"I felt I was on fire, with the things I could have told you
I just assumed that you eventually would ask
And I wouldn’t have to bring up my so badly broken heart
And all those months I just wanted to sleep
And though spring, it did come slowly, I guess it did its part
My heart has thawed and continues to beat"
--Conor Oberst from June On the West Coast.
My head hurts. I'm tired. I spent most of the day with my grandmother whom I love dearly, but she was in terrible sorts today and it was a miserable awful time. Ugh.
And then I got to thinking.
And Bright Eyes played through the speakers in my car as I drove around the dark cold city. And it is perfect.
I am choking with things I never say to people. I am suffocating on sorry's for what I never said. For what I should have said.
In that spirit, I will write more later, its freezing here, and I can barely feel my fingers or think straight. The cold has always incapacitated me in one way or another.
Goodnight.
Later...
I've just finished watching Shakespeare in Love, and I might state that it is always bad for me in the most wonderful way to watch or read anything even involving Shakespeare.
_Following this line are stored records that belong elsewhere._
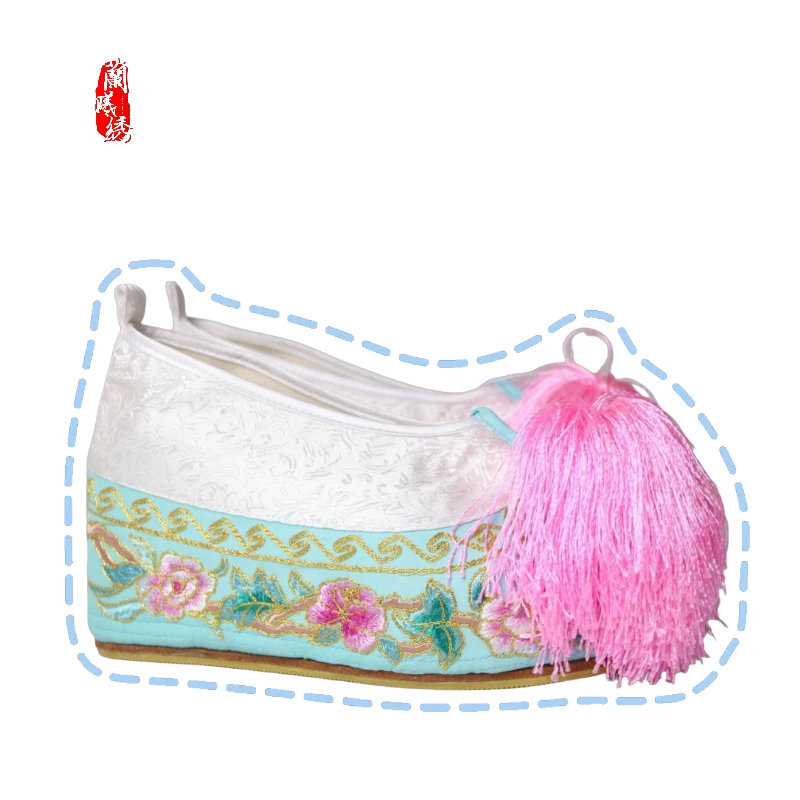 现货新品上新新款戏曲仿手绣花鞋牡丹花款含防滑牛筋可定制花旦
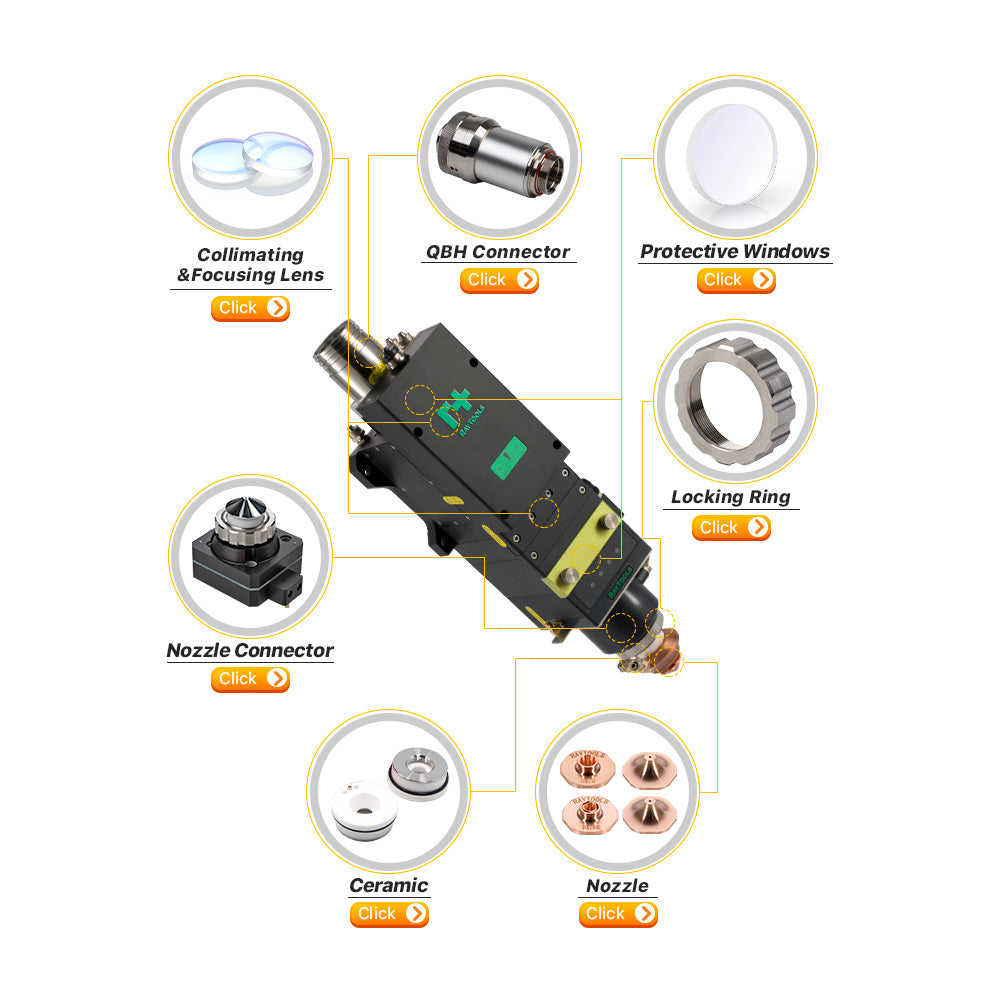 Cloudray A Type Original Raytools Laser Single Layer Nozzle Caliber 1.2-2.5 For BS12K/BS15K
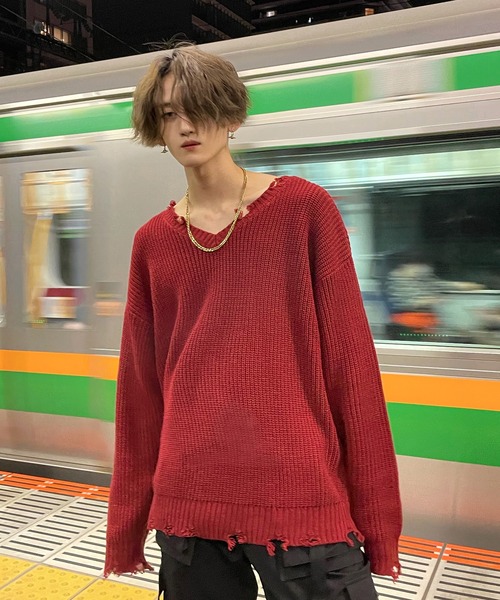 Espina（エスピナ）の「長袖ニット（ニット/セーター・メンズ・ワイン・MEDIUM）」の8枚目の写真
It seems to me that he embodies the passion and the feeling of all that it is to be human--to laugh and cry and love. A passion that is no longer present in our modern lives of productivity--it seems to me that the Industrial Revolution did more than mechanize the world--it mechanized our lives and the way we think and how we act. We are machines, with no time or care to see the beauty and tragedy of life in all its aspects.
I feel that if I were born a little under a hundred and fifty years earlier I would have fit well with that age. The sheer decadence and celebration of life and love, the decay of the past rotting beautifully, poetically with the tragic modernization of the present. No wonder so many great thinkers and writers came out of the late 1800's and le fin de siècle. It must have been magical.
I think that is the real difference between art and fingerpaintings, between scribbles and sonnets--its the total embrace of every aspect of life--the good the bad, the celebration of being human and unashamed to feel and to think and to be. We are not machines. We are not engineered to perfection or vastly productive robots--we cannot find our true worth in how much we make or live up to the high standards we have created for ourselves--and for this we are guilty and shamed for simply being human. We have suppressed the very spirit that makes us. God did not make us mechanical, he made us flesh and bone and heart. Above all heart, and love. A machine cannot love. It cannot think, or feel. I am glad that I am not one. I am glad that I dont ever want to be one.
I can take people thinking Im unproductive, or a failure by their standards if it means that I know the true nature of life, the magnificence buried by debris and love it passionately for all that so many never see.
1 comment:
Amen. Thank God we are here to live and love and be. There's nothing more beautiful in life than the love and passion that beauty and pain create. I love life. I love being alive. Even when things are far from perfect. This is who I am and where I'm meant to be. This was a beautiful entry and I think you're right about Shakespeare. He really did embody so many fabulous parts of human passion and life.
I love you Nik. I hope today is better.